Growing up in a small town in a working-class family, Brokaw didn’t get a chance to view television until he was a teenager. So the idea of working in television didn’t occur to him until that moment. But once it did, his mind was set.

To friends and family it seemed a natural fit — he was a talkative kid who liked to write. “I loved to know what was going on and kind of share it with people,” he says. “I always wanted to know what was going on over the horizon.” His first thought was that maybe he could get a network to pay for him to see the world. “I sometimes think that I over-wished,” he wryly surmises.

He graduated from the University of South Dakota in 1962 with a major in political science and married his high-school sweetheart, Meredith Lynn Auld, a former Miss South Dakota to whom he had once inadvertently professed his love across the airwaves after mistakenly leaving his radio disc-jockey mike on. They moved to Omaha, Nebraska, and he began working the early-morning shift for television station KMTV.

After three years, he was hired as the late-evening news anchor by WSB-TV in Atlanta, a station that often gave news feed to NBC. The civil-rights movement was peaking, and Brokaw would get calls in the middle of the night to race off to towns in Alabama, Southern Georgia or Mississippi where stories were brewing. He sometimes filled in for NBC correspondents and also filed for NBC radio.
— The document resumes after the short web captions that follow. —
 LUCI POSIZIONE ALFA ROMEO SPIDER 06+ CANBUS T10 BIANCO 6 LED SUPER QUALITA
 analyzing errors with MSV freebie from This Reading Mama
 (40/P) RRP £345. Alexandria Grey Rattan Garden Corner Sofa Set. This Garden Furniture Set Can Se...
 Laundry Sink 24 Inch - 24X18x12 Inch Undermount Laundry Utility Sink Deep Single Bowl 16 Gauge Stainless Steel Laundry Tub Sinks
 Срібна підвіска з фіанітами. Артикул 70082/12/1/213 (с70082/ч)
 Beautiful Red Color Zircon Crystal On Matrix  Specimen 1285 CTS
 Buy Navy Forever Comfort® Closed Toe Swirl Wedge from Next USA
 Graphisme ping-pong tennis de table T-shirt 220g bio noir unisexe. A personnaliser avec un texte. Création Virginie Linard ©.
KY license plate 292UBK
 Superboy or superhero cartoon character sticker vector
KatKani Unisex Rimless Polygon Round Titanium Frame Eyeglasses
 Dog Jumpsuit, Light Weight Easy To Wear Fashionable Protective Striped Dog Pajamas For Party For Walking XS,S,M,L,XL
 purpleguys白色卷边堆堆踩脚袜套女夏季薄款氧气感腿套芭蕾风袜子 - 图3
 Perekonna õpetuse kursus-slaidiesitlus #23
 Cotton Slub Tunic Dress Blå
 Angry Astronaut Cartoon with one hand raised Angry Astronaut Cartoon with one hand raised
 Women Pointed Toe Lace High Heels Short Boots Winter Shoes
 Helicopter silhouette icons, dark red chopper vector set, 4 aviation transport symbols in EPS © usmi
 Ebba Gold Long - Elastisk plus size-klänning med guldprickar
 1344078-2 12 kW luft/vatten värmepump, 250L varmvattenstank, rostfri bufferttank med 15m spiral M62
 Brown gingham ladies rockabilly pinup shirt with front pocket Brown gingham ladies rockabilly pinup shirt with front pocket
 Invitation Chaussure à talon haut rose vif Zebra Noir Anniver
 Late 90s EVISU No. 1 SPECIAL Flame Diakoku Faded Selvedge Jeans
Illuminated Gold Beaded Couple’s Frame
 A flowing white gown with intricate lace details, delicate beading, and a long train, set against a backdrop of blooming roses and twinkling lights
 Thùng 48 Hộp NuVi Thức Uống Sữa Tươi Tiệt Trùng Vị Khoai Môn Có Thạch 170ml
A year later, in 1966, he was hired by NBC News. In 1973, he was given the job of political reporter and national correspondent. “I raced around the world for the Pope’s attempted assassination, and for Sadat’s assassination. I covered a lot of presidential trips in Europe and Russia.” From 1976 to 1981, he also anchored NBC’s Today program.

While anchoring Nightly News, Brokaw earned critical praise for his documentary series Tom Brokaw Reports, which tackled a variety of topics, from drunk driving to affirmative action, and won him two George Foster Peabody awards. Over the course of his career he has received four Emmys, the Edward R. Murrow Lifetime Achievement award, and various other prestigious awards, including the George Catlett Marshall Medal, the highest award from the Association of the U.S. Army and the first ever given to a journalist.

After covering the fortieth anniversary of the Battle of Normandy, walking the beaches with the men who stormed it during World War II, Brokaw felt so moved by their stories that he compiled them into the best-seller The Greatest Generation. He says that every day some stranger will acknowledge the book’s impact. “That means as much to me as anything,” he says. He followed that with several other books, including his most recent best-seller, A Long Way from Home, a look back at growing up in America’s heartland.

The one thing that surprised Cronkite was Brokaw’s decision to step down as anchor as early as he did. “He’s still quite a young man,” he says. “And I think that as far as CBS and the other competitors are concerned, they should be grateful that he’s retired for a moment from the business.”

Brokaw has no regrets. “From time to time I get the rush about, gee, I’d like to get back in the chair. But life is phases and stages, and I have other interests that I’m involved in,” describing his commitment to various organizations including the Committee to Protect Journalists and the International Rescue Committee, and his pleasure at being able to fully immerse himself in documentary projects without having to rush off to anchor the nightly news. Besides, he says, “I’ve had my chance.”